Peter Catesby Peter Cates

Felix Weingartner

Felix Weingartner

Felix Weingartner (1863-1942) was the first conductor to record all nine Beethoven Symphonies, and the four Brahms. He was friends with Liszt, Wagner and Brahms; was music director of the Vienna Philharmonic for over 20 years; composed large amounts of his own music; and taught and wrote about conducting and other musical and non-musical subjects, having a special interest in astrology, the occult and theater. He guest-conducted extensively to the U.S., Soviet Russia and Japan. Finally, he was married five times.

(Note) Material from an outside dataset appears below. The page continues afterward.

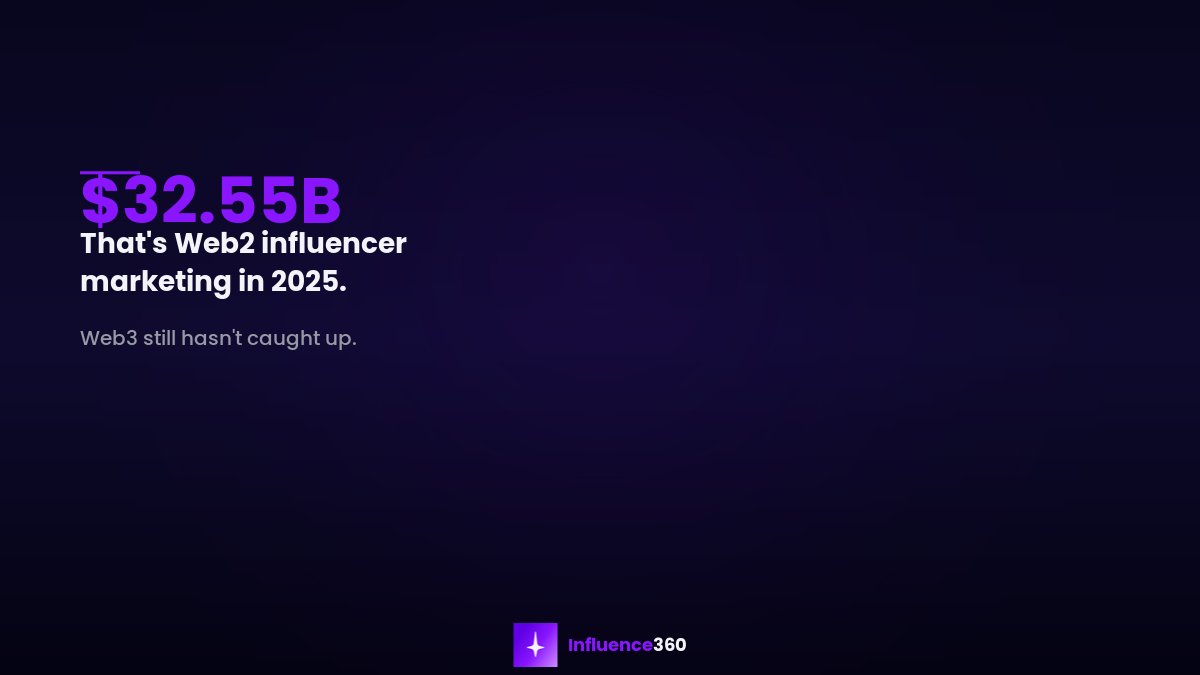 The influencer marketing industry hit $32.55 billion in 2025. Projected to pass $40 billion this year.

His most distinctive quality as a conductor was the naturalness of it; one felt as though he/she were hearing music as the composer wished it to be heard. I recently listened to a re-issued LP of his very good 1938 London Philharmonic performance of the Brahms 3rd Symphony, a piece that I recommend as the best one of the four for listeners experiencing Brahms for the first time. And this recording and sizable numbers of the others can be heard on YouTube.

Guido Cantelli

Guido Cantelli (1920-1956) was drafted into the Italian army, when it was forced to fight alongside the Germans against the allies during World War II. He refused to, out of a matter of conscience, and thrown into a labor camp; by pretending to be sick, he managed to escape and worked as a bank teller with forged papers until the war’s end.
Having already showing incredible promise before as a pianist – he was in a jazz combo for a while – and a conductor, he started again doing concerts and opera at various Italian venues, such as the La Scala Opera House in Milan, where Arturo Toscanini spotted the young man and was so impressed that he took him under his wing like a long-lost son and gave him concerts and recording dates in New York with the NBC Symphony.

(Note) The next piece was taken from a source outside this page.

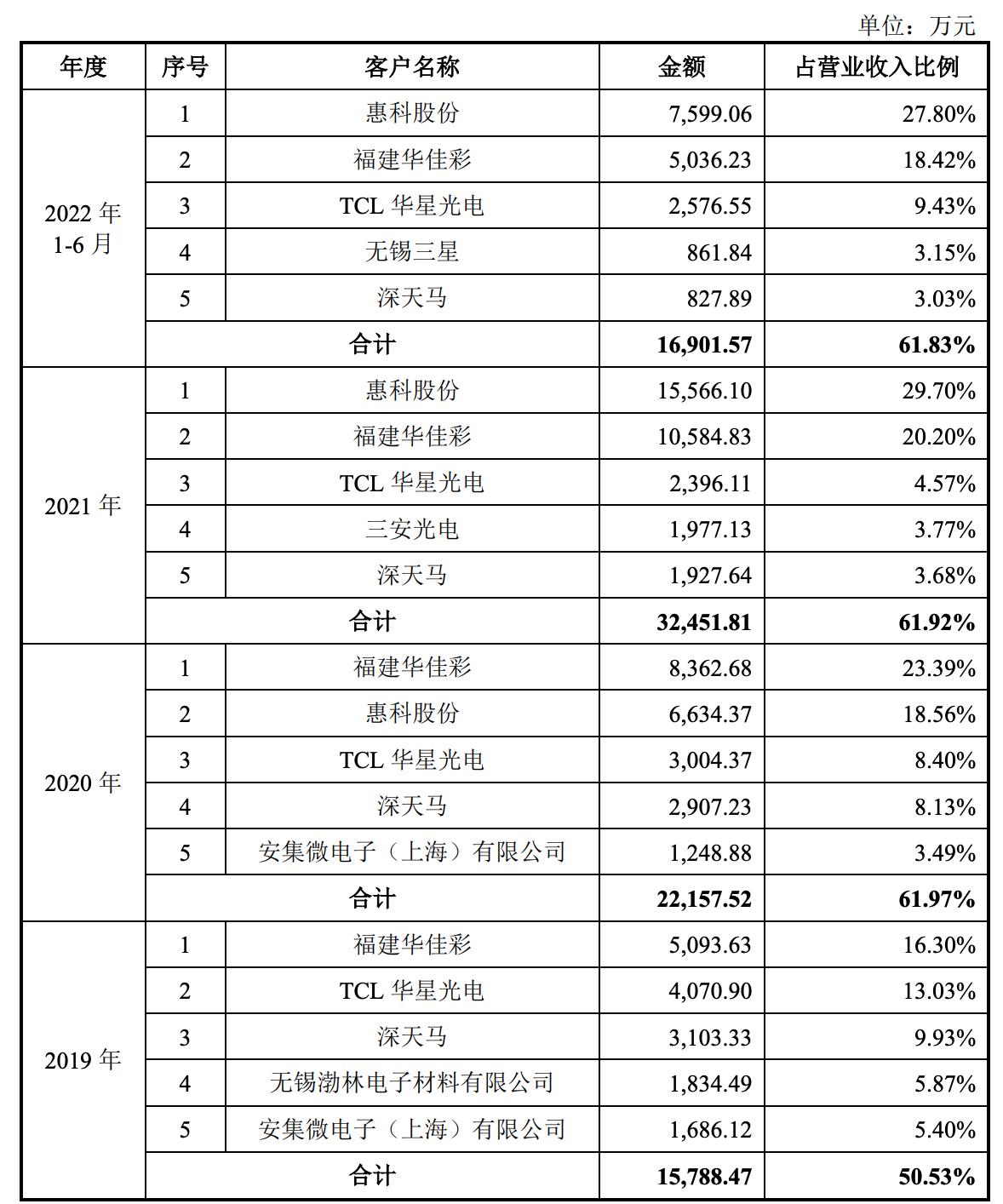 图源：招股书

As a conductor, he had a phenomenally high level of inspiration, passion, elegance and precision, much like Toscanini, Reiner and Szell and yet had his own individuality in terms of an ear for the most wondrous hidden sonorities in whatever piece he was interpreting. I am now listening to a superb 1954 recording of Debussy’s La Mer, a piece in three sections that evokes the movements of the sea. It can be accessed on YouTube by budget-minded music lovers who are not collectors, unlike me.

On November 24, 1956, just one week after he was appointed music director at La Scala, Guido Cantelli was killed in a plane crash just after taking off from Paris’s Orly Airport on his way to New York to conduct the New York Philharmonic at Carnegie Hall. He was only 36 and left behind a wife and baby son. The 89-year-old Toscanini was never told of his death and passed away of a stroke on January 16, 1957, less than two months later.